|I'm continually amazed by people going ga-ga over Chrome who have never taken a serious look at Safari or other WebKit/KHTML browsers. If you're on Mac, you'll find Safari far more stable than Chrome, and (no surprise) with a much more varied plugin ecosystem, particularly for developers. On Linux, can someone answer what Chrome does that significantly improves on Konqueror? Yes, 'incognito' is cool, but if you know how to manage your system competently, you know how to do that in *any* browser on your system. And if you don't want to go into geek-ninja mode every time you sit down at the keyboard, then what are you doing running Linux anyway? Get a Mac and just do what you set out to...|
I used to be a tremendous Firefox bigot, but I think they've seriously jumped the shark sometime around 3.0. It's also outgrown its interface; you can't just tell 90% of your extensions "go away until I need you, but then I'm really, REALLY going to need you." Chrome, like Safari, has a much more organised, usable interface.

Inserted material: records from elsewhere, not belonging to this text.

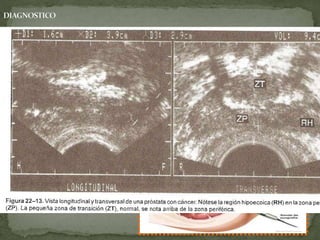 ECOGRAFIA
TRANSRECTAL
AYUDA A DIRIGIR LA AGUJA
DE BIOPSIA A ZONAS DE
LA PRÓSTATA SOSPECHOSA
AFECCION DE LA CAPSULA
PROSTÁTICA Y
VESÍCULAS SEMINALES
BIOPSISA SEXTANTE O
SEGMENTARIA
 
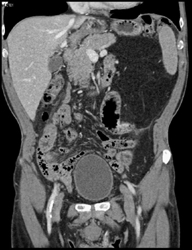 Liposarcoma Left Upper Quadrant - CTisus CT Scan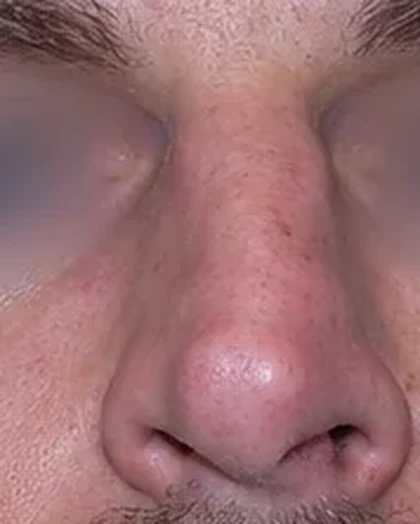 Before: Straight deviated (deflected) nose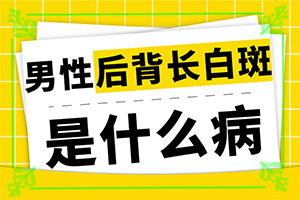 白班的治療方法,診治的方法有哪些(如何能讓白癜風(fēng)早日治療好)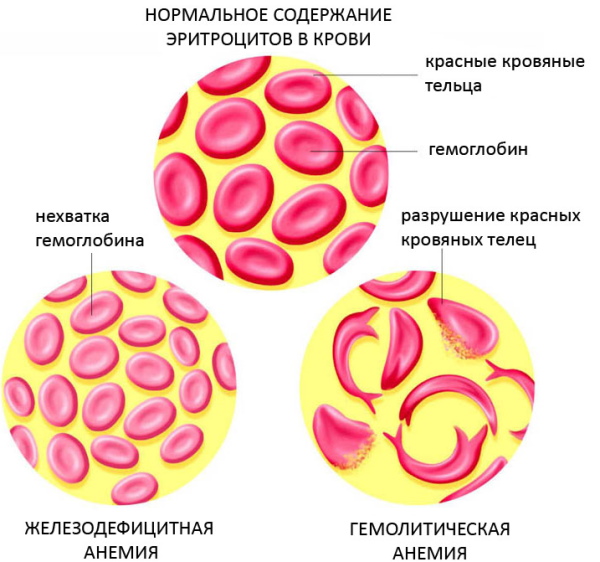 Анемия. Классификация по гемоглобину ВОЗ у мужчин, детей, женщин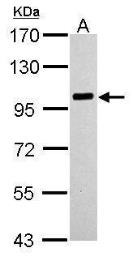 PLA2G4A抗体 (GTX110218)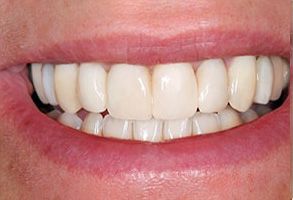 JASI Smile | Ceramic Crowns, Zirconia Crowns and Root Canals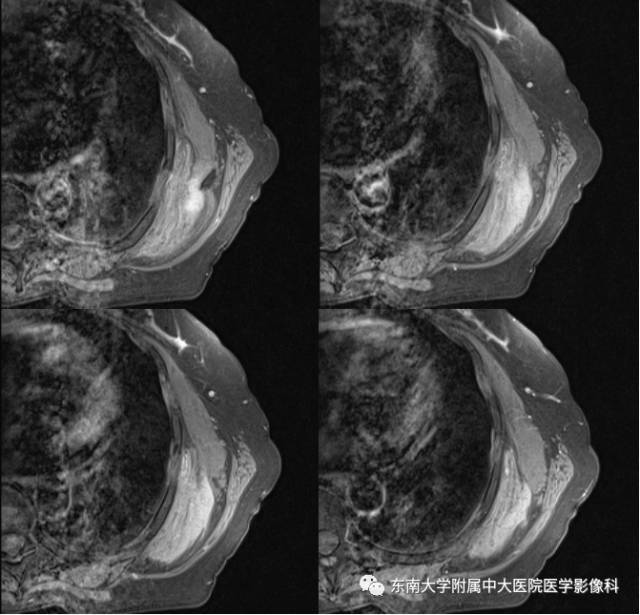 【病例】左侧胸壁弹力纤维瘤1例CT及MR影像诊断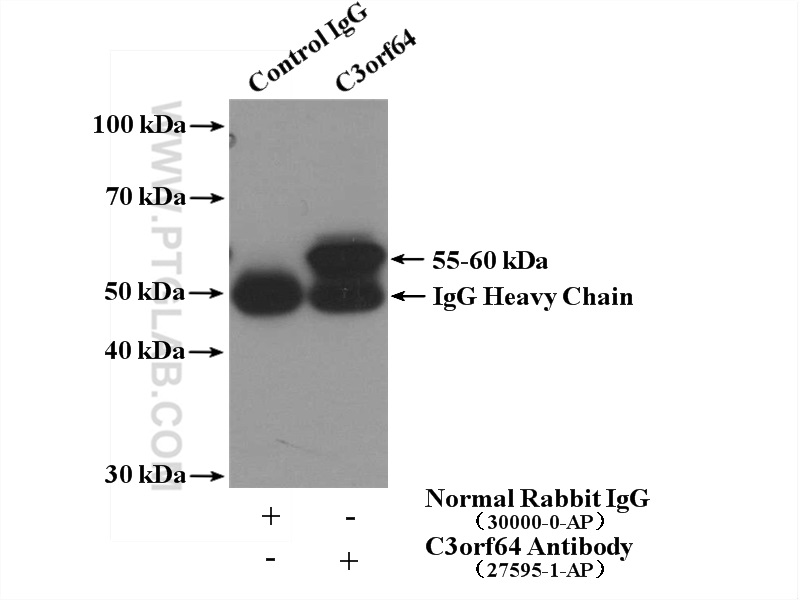 IP experiment of mouse brain using 27595-1-AP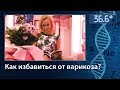 Как избавиться от варикоза? Лазерные методики.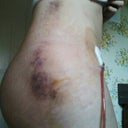 Bruising from lipo. 3 days po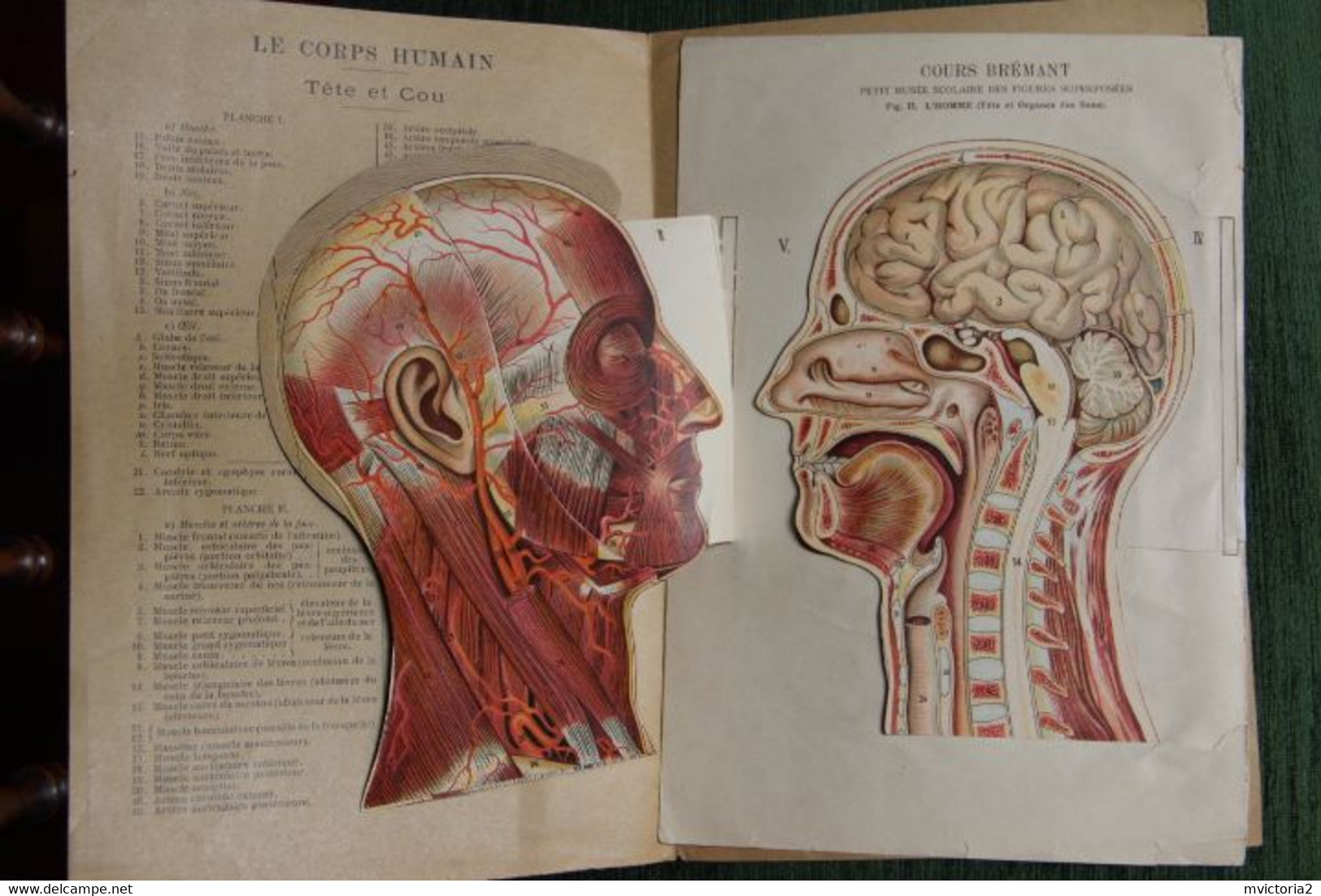 MEDECINE : Superbe Planche De Figures Superposées, Cours Brémant : Musée Scolaire : Tête Et Cou. - Other Plans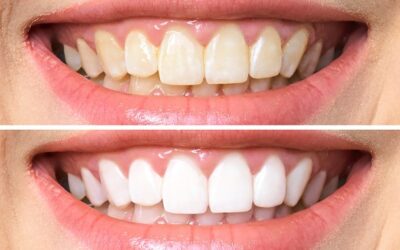 Teeth Whitening – Is It Worth It?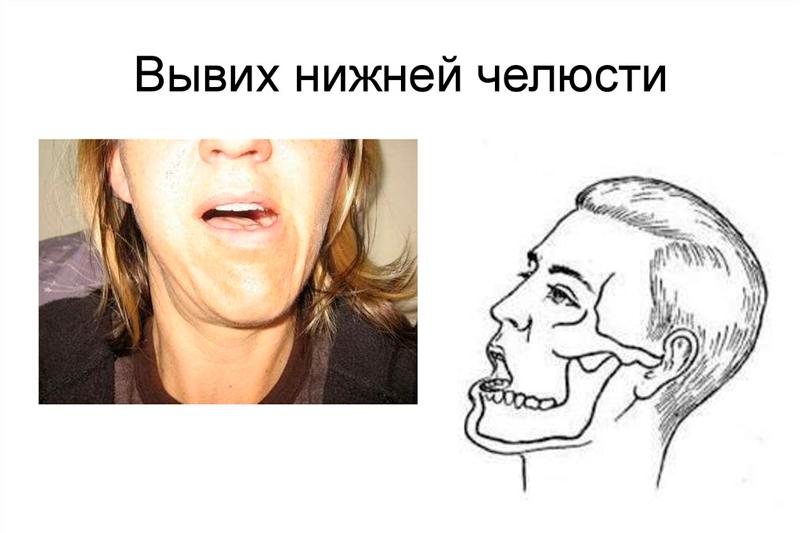Вывих нижней челюсти Вывих нижней челюсти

Chrome WILL be a great browser; it's built on WebKit, after all, and it's backed by one of the two most fanboi-inspiring companies in current tech… or maybe that should be 'one of the most well-marketed companies in current tech.' With infinitely deep pockets, and a certain Redmondian nemesis to rally the troops against, the future is bright. I use Chrome fairly regularly as part of my "be able to work and show your work anywhere" principle. I just don't (yet) see all that much to get so worked up about.
|2010-05-07 19:29:17 - In reply to message 1 from Jeff Dickey|
Other than that, Chrome is mostly a copy of Safari due to the use of Webkit. Even the name Apple is used in built-in CSS classes used by Chrome.